_Exercise objective_
Check every line below for the string "Sweater". Copy the ones that have it.

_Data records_
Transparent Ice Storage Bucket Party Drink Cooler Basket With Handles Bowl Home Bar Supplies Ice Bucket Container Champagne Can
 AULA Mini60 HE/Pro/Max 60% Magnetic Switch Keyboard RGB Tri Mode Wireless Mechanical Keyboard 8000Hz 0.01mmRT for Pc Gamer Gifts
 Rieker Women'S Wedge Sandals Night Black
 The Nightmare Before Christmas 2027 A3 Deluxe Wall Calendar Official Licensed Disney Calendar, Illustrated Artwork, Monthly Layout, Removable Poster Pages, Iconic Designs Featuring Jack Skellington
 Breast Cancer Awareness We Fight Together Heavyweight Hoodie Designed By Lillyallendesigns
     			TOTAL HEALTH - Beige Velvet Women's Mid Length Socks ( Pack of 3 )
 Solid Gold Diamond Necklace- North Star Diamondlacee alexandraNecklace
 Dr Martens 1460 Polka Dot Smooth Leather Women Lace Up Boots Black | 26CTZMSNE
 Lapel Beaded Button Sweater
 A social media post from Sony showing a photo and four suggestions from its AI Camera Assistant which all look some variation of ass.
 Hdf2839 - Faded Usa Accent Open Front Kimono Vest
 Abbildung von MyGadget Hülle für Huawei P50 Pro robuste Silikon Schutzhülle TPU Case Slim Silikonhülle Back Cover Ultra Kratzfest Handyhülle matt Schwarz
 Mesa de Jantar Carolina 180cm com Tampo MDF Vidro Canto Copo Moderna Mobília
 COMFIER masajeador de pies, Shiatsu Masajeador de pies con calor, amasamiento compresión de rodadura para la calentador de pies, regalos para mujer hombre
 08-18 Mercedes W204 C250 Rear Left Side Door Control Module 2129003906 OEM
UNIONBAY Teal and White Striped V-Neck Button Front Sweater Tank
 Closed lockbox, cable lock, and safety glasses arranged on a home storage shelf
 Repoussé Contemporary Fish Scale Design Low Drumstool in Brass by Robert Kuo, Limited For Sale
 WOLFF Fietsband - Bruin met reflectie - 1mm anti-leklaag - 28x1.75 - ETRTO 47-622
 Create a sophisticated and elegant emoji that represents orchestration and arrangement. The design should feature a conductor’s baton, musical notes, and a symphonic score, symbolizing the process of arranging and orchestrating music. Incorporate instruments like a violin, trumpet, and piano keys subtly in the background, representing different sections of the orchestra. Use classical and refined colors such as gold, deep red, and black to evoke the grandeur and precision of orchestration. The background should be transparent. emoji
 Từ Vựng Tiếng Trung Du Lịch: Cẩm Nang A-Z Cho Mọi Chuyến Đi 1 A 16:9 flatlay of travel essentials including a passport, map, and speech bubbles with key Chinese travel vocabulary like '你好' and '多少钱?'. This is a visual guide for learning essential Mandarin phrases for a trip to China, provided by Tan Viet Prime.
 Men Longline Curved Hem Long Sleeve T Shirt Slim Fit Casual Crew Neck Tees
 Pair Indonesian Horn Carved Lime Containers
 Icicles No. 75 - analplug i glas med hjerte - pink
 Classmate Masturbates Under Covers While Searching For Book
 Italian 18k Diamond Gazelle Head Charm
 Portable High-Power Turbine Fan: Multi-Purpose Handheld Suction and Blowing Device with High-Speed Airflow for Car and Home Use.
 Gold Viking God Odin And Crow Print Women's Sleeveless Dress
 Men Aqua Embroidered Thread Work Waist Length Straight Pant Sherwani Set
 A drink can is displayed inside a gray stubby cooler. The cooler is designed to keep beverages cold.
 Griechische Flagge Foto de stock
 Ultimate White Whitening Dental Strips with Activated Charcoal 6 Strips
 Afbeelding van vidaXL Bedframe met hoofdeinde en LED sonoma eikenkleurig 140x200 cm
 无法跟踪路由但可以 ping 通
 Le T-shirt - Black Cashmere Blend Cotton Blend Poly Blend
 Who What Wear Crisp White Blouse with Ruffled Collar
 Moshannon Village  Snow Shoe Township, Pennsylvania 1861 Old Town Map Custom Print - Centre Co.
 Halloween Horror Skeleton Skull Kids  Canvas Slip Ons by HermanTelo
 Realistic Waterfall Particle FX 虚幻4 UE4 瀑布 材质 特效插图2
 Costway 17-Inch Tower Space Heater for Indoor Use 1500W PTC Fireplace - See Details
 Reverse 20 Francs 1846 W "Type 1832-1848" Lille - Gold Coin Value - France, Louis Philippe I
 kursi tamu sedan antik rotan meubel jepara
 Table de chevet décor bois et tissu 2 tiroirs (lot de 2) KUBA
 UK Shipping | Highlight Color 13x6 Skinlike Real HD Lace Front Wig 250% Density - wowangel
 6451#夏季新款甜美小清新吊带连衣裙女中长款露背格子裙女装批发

_Problem solution_
 Lapel Beaded Button Sweater
UNIONBAY Teal and White Striped V-Neck Button Front Sweater Tank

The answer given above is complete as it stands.